La révolution de 1848 épargnera le sanctuaire.
En 1856, l’inauguration de la tour jointe à la chapelle de Bon-Rencontre (lieu d’apparition de la Vierge) attire 30 000 pèlerins. Le 17 mai 1858, les Pères Oblats posent la première pierre d’une nouvelle église, l’actuelle basilique, sur les plans d’Alfred Berruyer. Sa construction durera 10 ans, mais elle ne sera jamais terminée, faute d’argent ! Elle restera sans les flèches de ses clochetons et sans le campanile qui, sur sa droite, devait supporter les cloches. Inaugurée en 1868, consacrée le 8 septembre 1873, elle sera érigée en Basilique Mineure par Pie XI en 1924.

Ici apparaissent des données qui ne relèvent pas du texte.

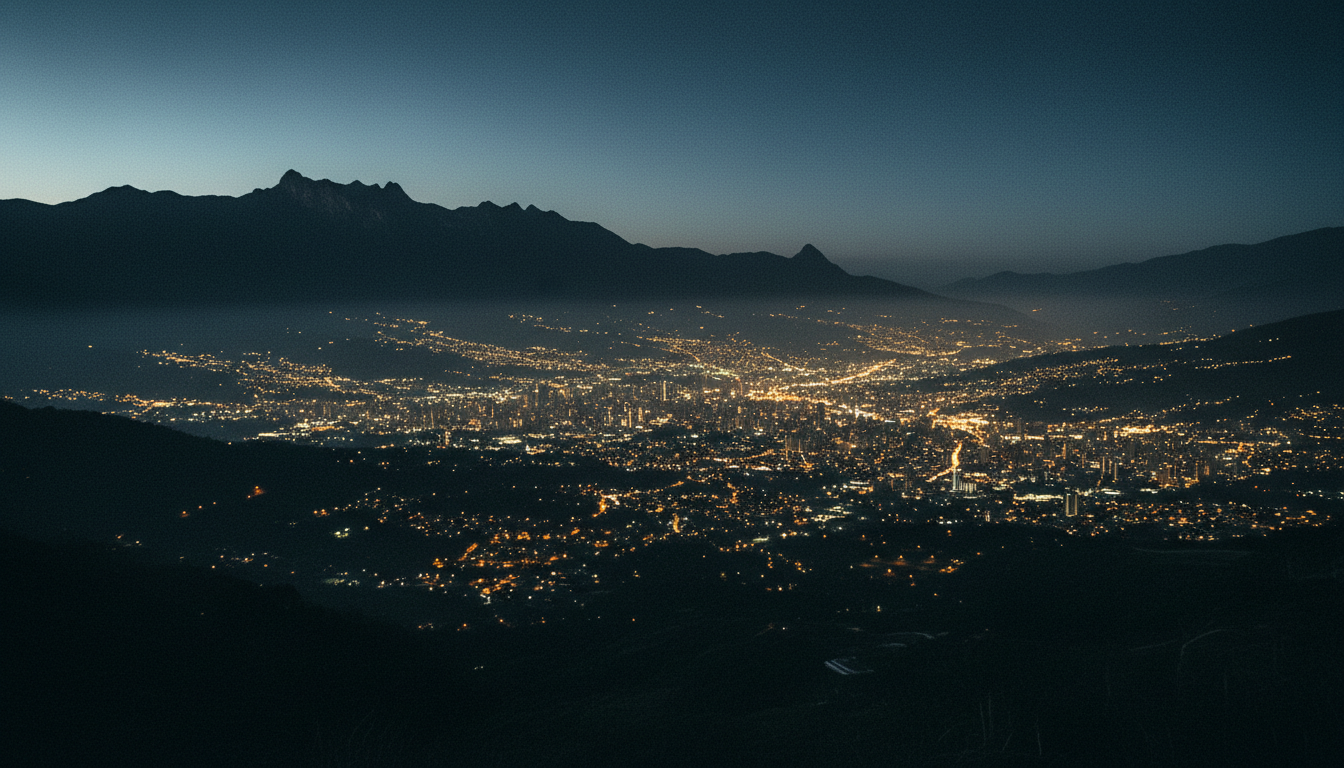 Medellín valley at dusk with golden city lights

Les décrets de 1880 contre les congrégations religieuses, entraîneront, le 4 novembre, l’expulsion des Oblats de Marie Immaculé, mais, avec la complicité des habitants, ils resteront dans le village. La laïcisation de l’école communale, en 1895, les conduira à ouvrir une école libre, tenue par les soeurs de l’hospice. Après le vote de la loi contre les congrégations religieuses du 1er juillet 1901, le noviciat quittera définitivement l’Osier pour l’Italie : 62 générations, soit 1346 novices auront été formés à l’Osier, 542 resteront Oblats jusqu’à leur mort, 12 deviendront évêques, 3 supérieurs généraux, et un, Joseph Girard, sera canonisé. L’école libre sera fermée le 20 avril 1903, les soeurs expulsées. Les Oblats subiront le même sort le 16 juin 1903.
Le 27 juillet 1908, les Oblats reprennent possession du sanctuaire et redonnent au pèlerinage tout son éclat. En 1923, 10 000 pèlerins assistent au cinquantenaire du Couronnement de la Vierge.
De nouveaux miracles sont signalés : 8 sont recensés entre 1834 et 1939. Signalons particulièrement celui-ci, le dernier à avoir été officiellement enregistré : en 1915, Paul Brichet, de Saint-Jean-en-Royans, invalide de guerre, réformé pour rhumatismes articulaires contractés dans les tranchées, vient en pèlerinage à l’Osier, il repart guéri, laissant ses béquilles et un ex-voto en remerciement.
Les pèlerinages ont lieu chaque année le 15 août, le dimanche autour du 8 septembre et le 8 décembre.
Prions chaque jour, pour que ce sanctuaire retrouve sa notoriété.